What the answer must contain is every line of the records, exactly, with no pictures.

:: Records ::

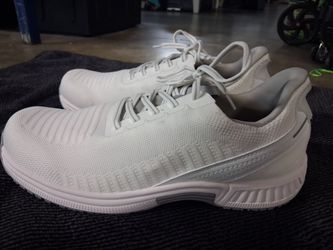 Good Feet Men's Shoes Size 12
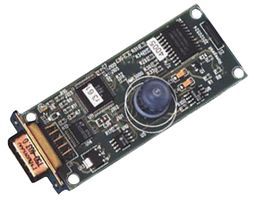 Magnetoresistive Sensor3 Axis 1Gs Magnetic Field 9-Pin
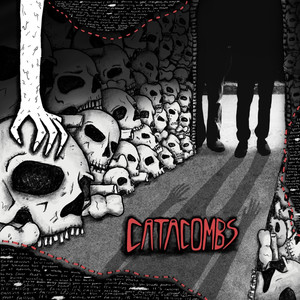 Catacombs (Explicit)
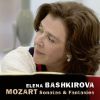 Download track 01. Piano Sonata No. 13 In B-Flat Major, K. 333 I. Allegro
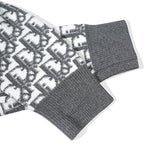 Classic Fashion Sweater-1429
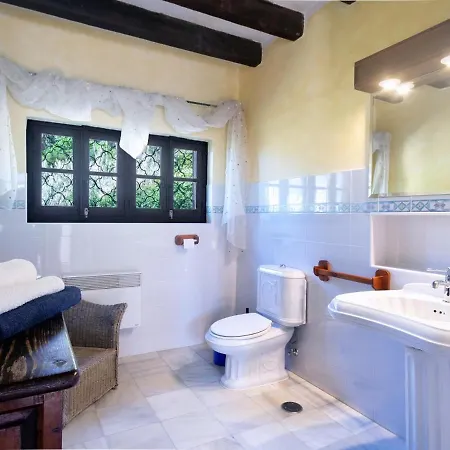 Ref. 20 Casa Zahara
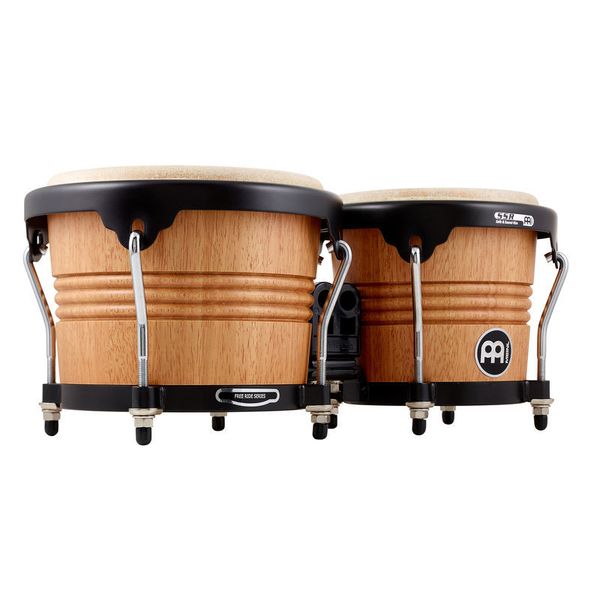 Meinl FWB190SNT-M Bongoset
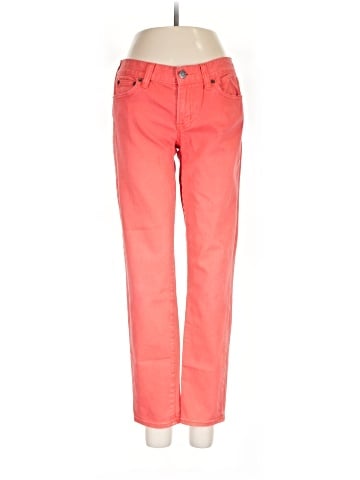 J.Crew Factory Store Jeans (view 1)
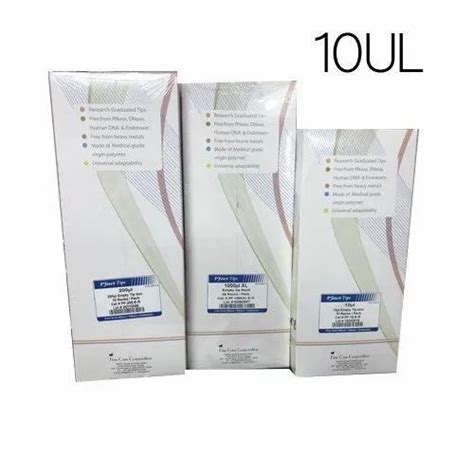 Pfact Plasticwares - Strip Tube And Cap For Gen Q 1 X 252 Items Trader ...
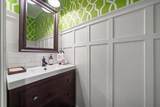 14116 Richards Street - Photo 21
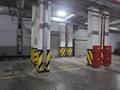 3-комнатная квартира · 78 м² · 22/24 этаж, Сафуана Шаймарденова 8 за 39.9 млн ₸ в Астане, Сарайшык р-н — фото 45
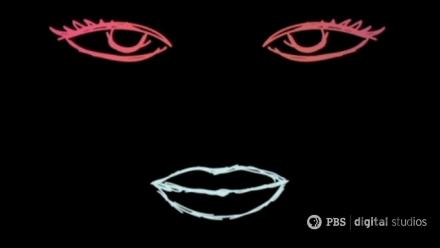 Portobelo (music video) : asset-mezzanine-16x9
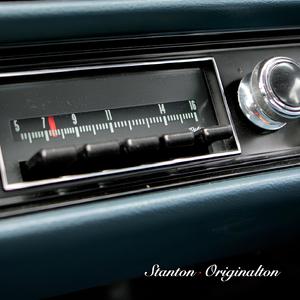 Was wir (nicht) wollen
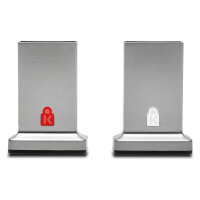 Kensington VeriMark IT Fingerabdruck Key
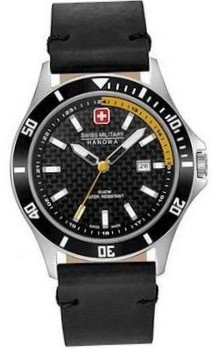 Hanowa 06-4161.2.04.007.20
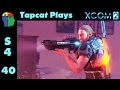 XCOM 2 Season 4 Part 40: Night of the Living Swede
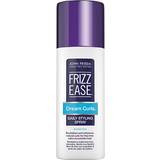 John Frieda Hair Sprays John Frieda Frizz Ease Dream Curls Daily Styling Spray 200ml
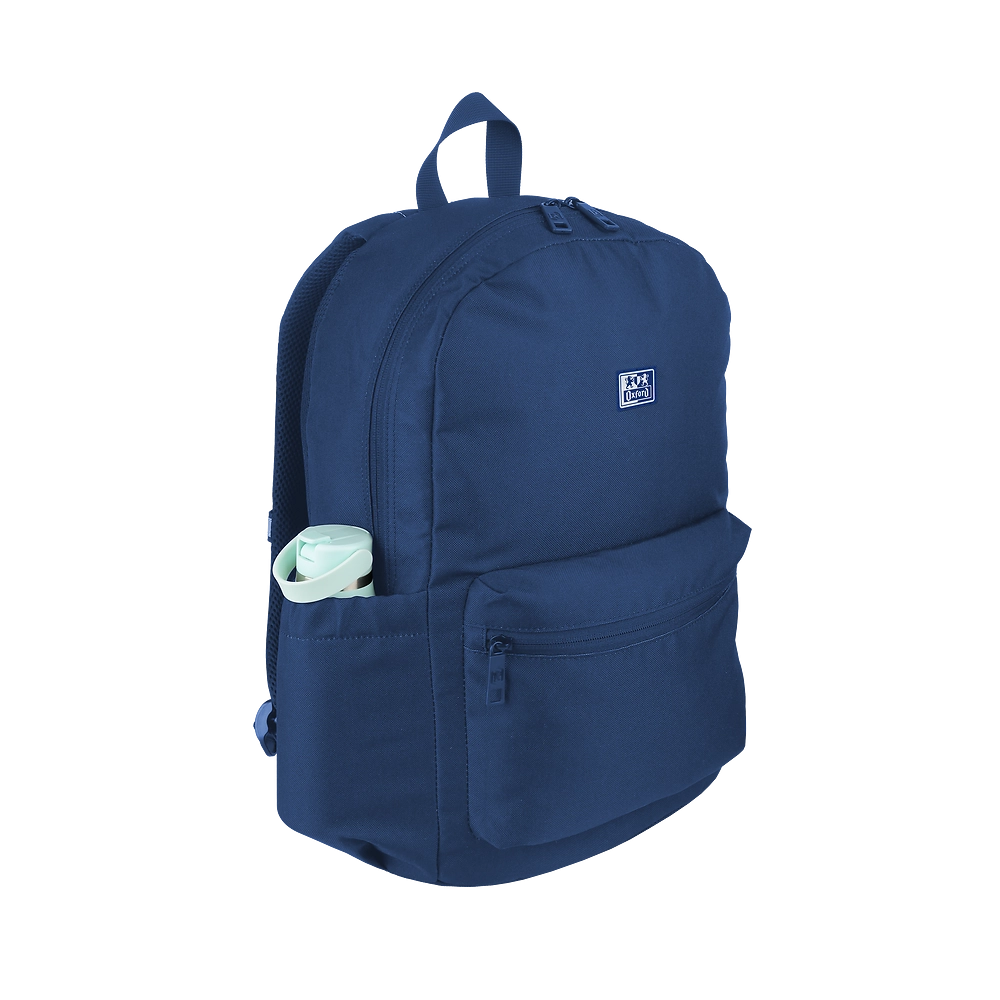 Packshot open [1501]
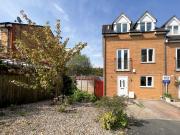 5 Bed House Unspecified to rent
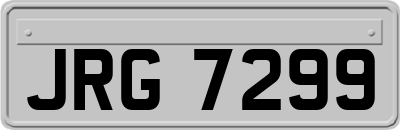JRG7299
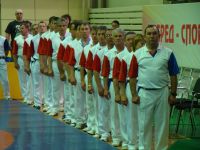 DSC00608.jpg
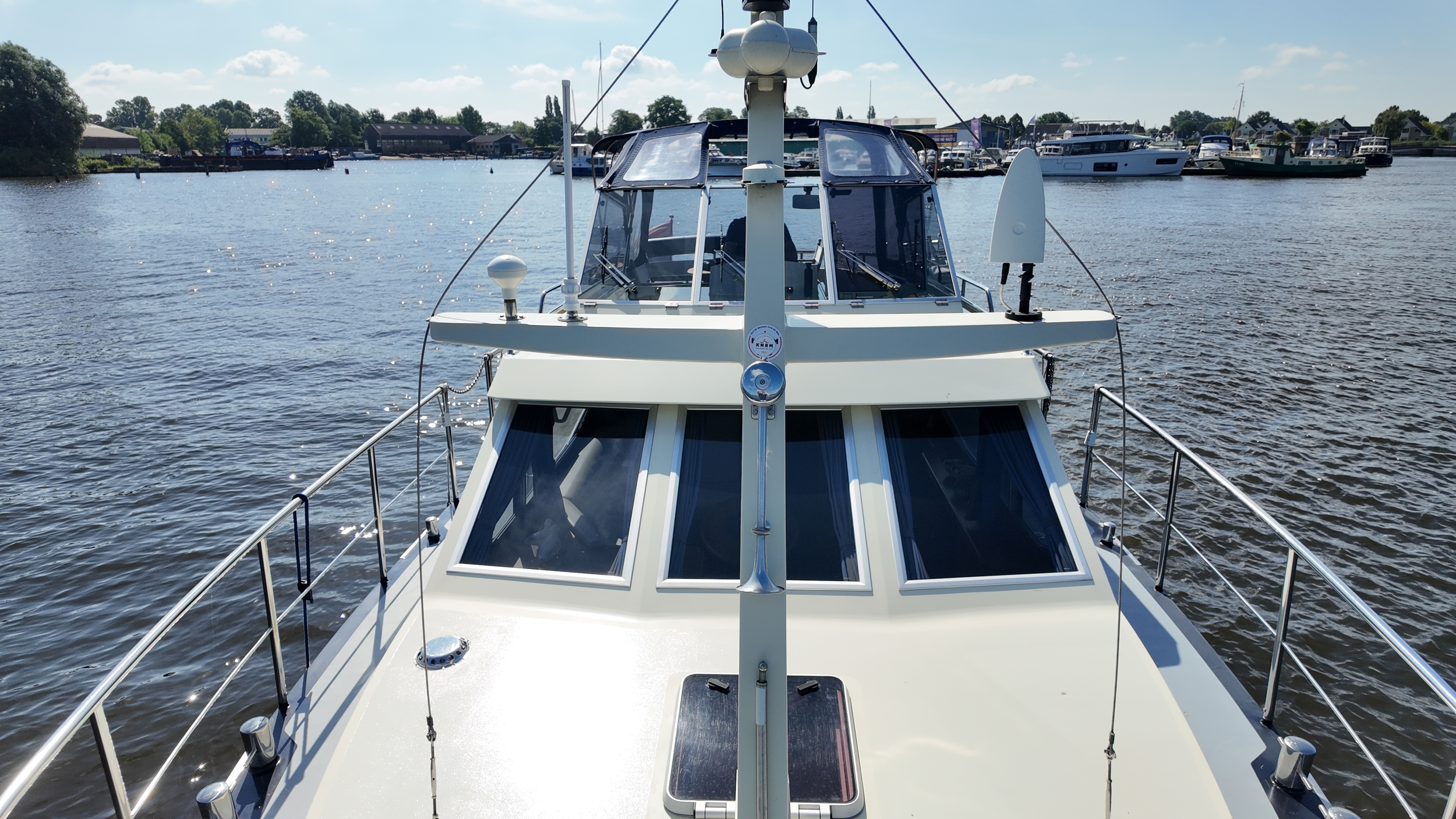 Reline 38 LE — foto 10 van 52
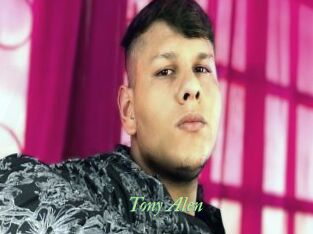 Tony_Alen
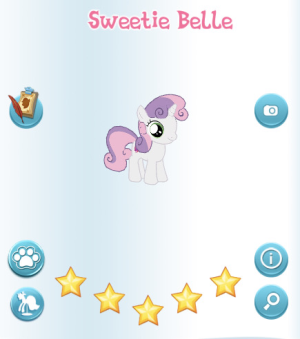 Sweetie Belle in-game.png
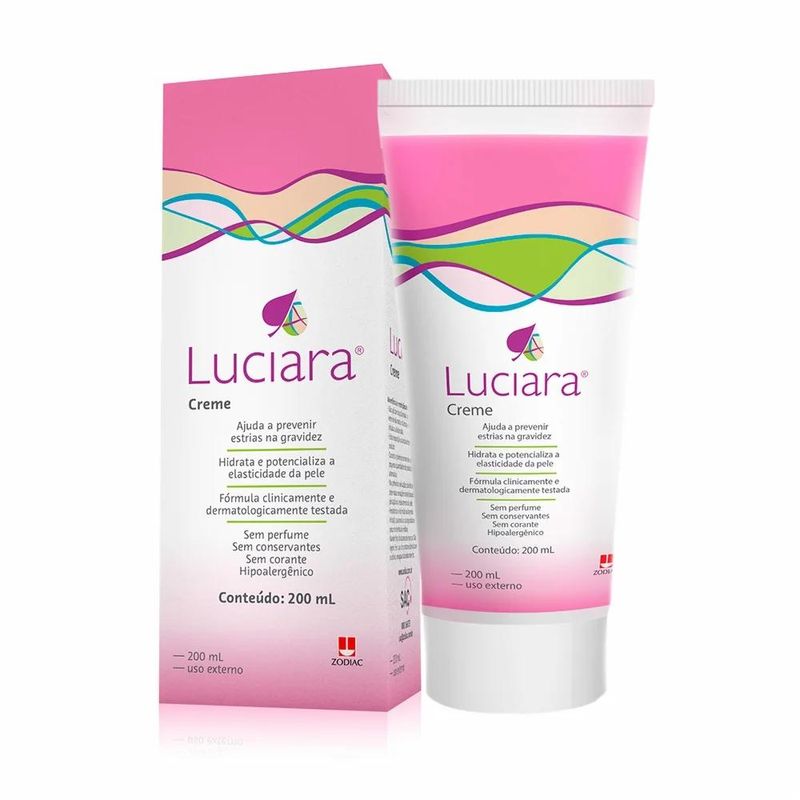 creme-hidratante-luciara-antiestrias-200ml-10098434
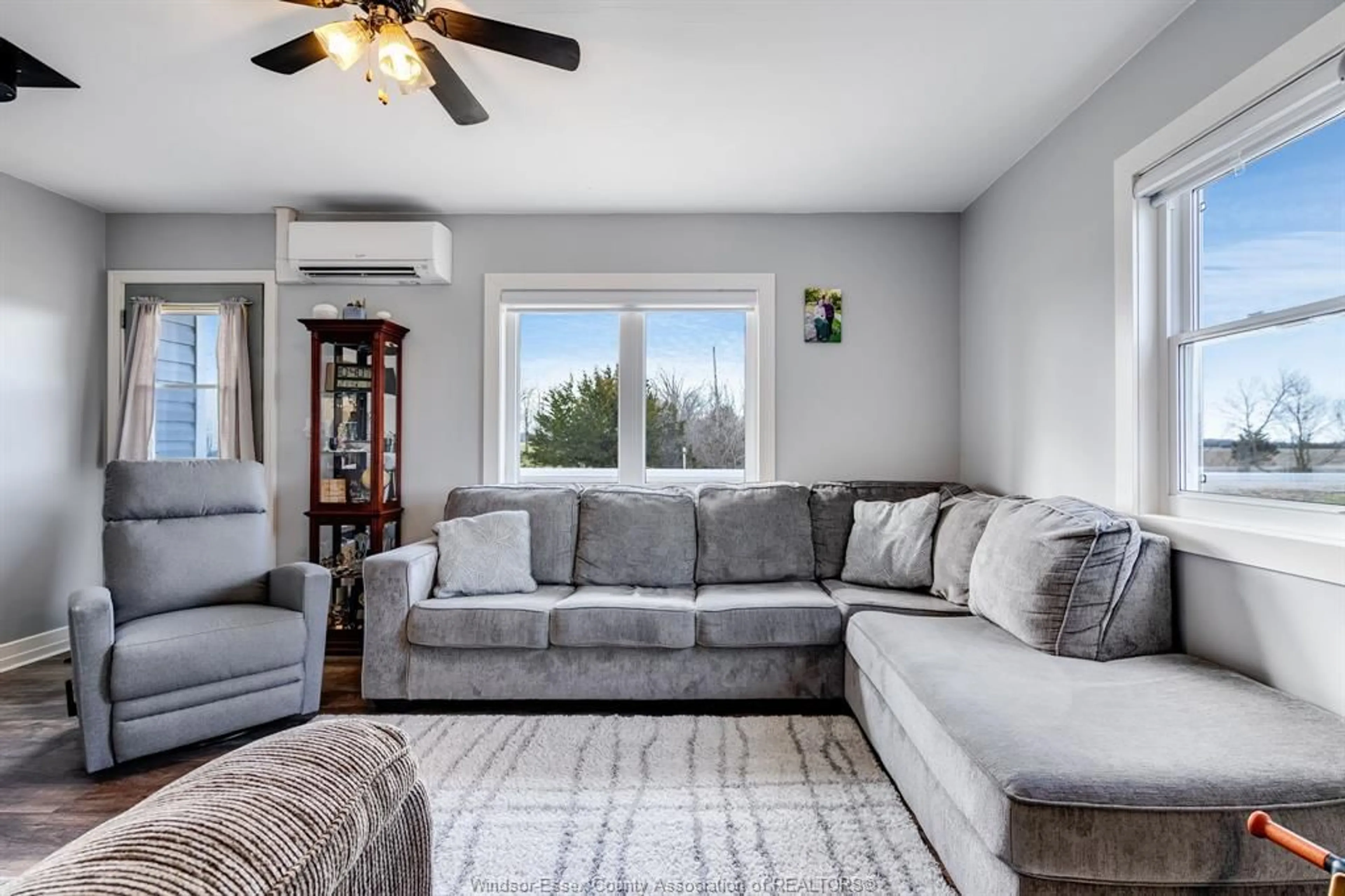 Unknown for 12706 County Rd 8, Lakeshore Ontario N0P 2J0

:::

__Output for this task__
 Good Feet Men's Shoes Size 12
 Magnetoresistive Sensor3 Axis 1Gs Magnetic Field 9-Pin
 Catacombs (Explicit)
 Download track 01. Piano Sonata No. 13 In B-Flat Major, K. 333 I. Allegro
 Classic Fashion Sweater-1429
 Ref. 20 Casa Zahara
 Meinl FWB190SNT-M Bongoset
 J.Crew Factory Store Jeans (view 1)
 Pfact Plasticwares - Strip Tube And Cap For Gen Q 1 X 252 Items Trader ...
 14116 Richards Street - Photo 21
 3-комнатная квартира · 78 м² · 22/24 этаж, Сафуана Шаймарденова 8 за 39.9 млн ₸ в Астане, Сарайшык р-н — фото 45
 Portobelo (music video) : asset-mezzanine-16x9
 Was wir (nicht) wollen
 Kensington VeriMark IT Fingerabdruck Key
 Hanowa 06-4161.2.04.007.20
 XCOM 2 Season 4 Part 40: Night of the Living Swede
 John Frieda Hair Sprays John Frieda Frizz Ease Dream Curls Daily Styling Spray 200ml
 Packshot open [1501]
 5 Bed House Unspecified to rent
JRG7299
 DSC00608.jpg
 Reline 38 LE — foto 10 van 52
 Tony_Alen
 Sweetie Belle in-game.png
 creme-hidratante-luciara-antiestrias-200ml-10098434
 Unknown for 12706 County Rd 8, Lakeshore Ontario N0P 2J0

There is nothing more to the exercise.